▶ **DATASET**:
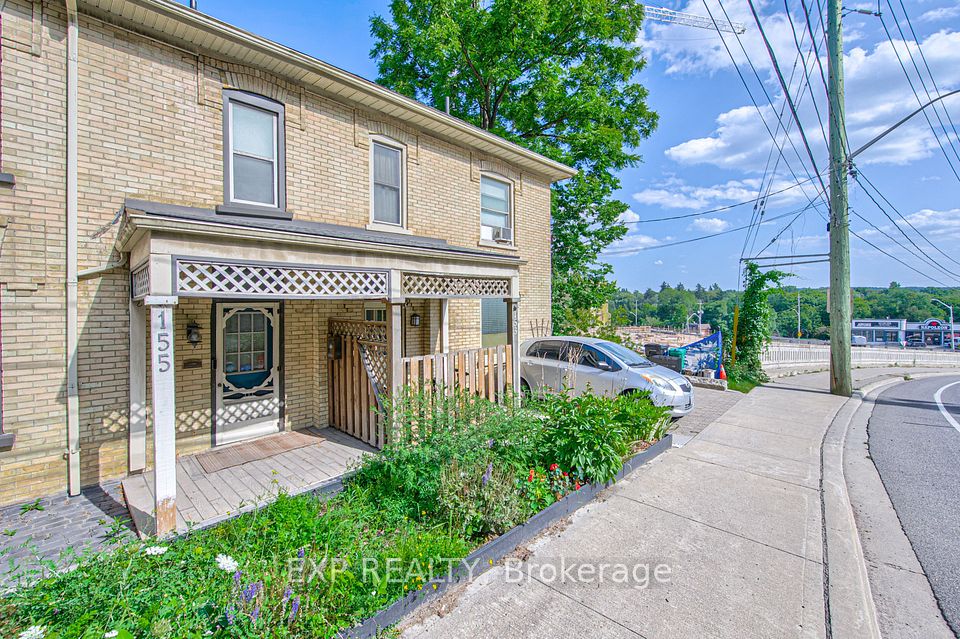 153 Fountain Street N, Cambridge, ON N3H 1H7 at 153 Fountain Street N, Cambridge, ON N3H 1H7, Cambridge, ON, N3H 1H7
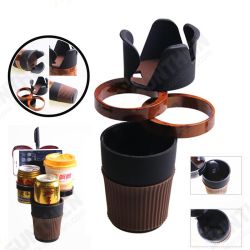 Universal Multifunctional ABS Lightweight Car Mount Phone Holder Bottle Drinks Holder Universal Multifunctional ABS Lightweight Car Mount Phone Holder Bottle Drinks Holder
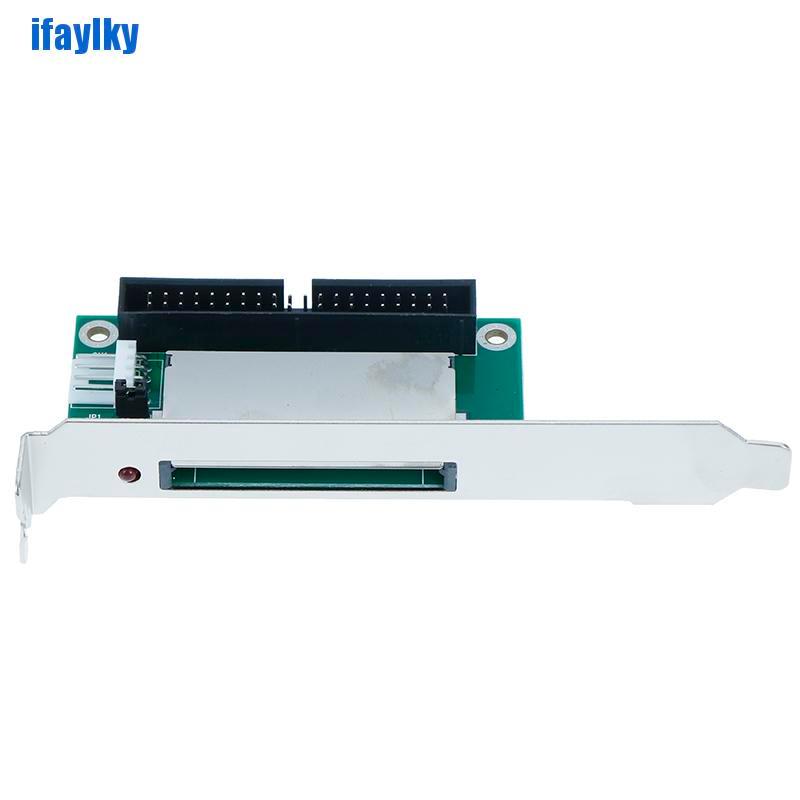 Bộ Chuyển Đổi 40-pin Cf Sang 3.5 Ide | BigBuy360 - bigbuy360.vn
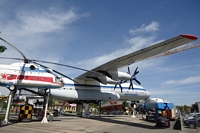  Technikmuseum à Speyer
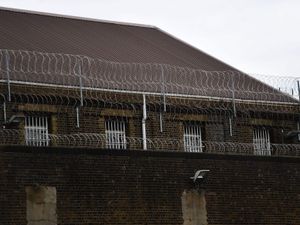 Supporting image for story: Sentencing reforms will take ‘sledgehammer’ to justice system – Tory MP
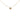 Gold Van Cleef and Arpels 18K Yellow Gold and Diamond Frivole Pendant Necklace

▶ **THE PROBLEM**:
Reproduce the full listing verbatim so that only the pictures are missing.

▶ **ANSWER SECTION**:
 153 Fountain Street N, Cambridge, ON N3H 1H7 at 153 Fountain Street N, Cambridge, ON N3H 1H7, Cambridge, ON, N3H 1H7
 Universal Multifunctional ABS Lightweight Car Mount Phone Holder Bottle Drinks Holder Universal Multifunctional ABS Lightweight Car Mount Phone Holder Bottle Drinks Holder
 Bộ Chuyển Đổi 40-pin Cf Sang 3.5 Ide | BigBuy360 - bigbuy360.vn
  Technikmuseum à Speyer
 Supporting image for story: Sentencing reforms will take ‘sledgehammer’ to justice system – Tory MP
 Gold Van Cleef and Arpels 18K Yellow Gold and Diamond Frivole Pendant Necklace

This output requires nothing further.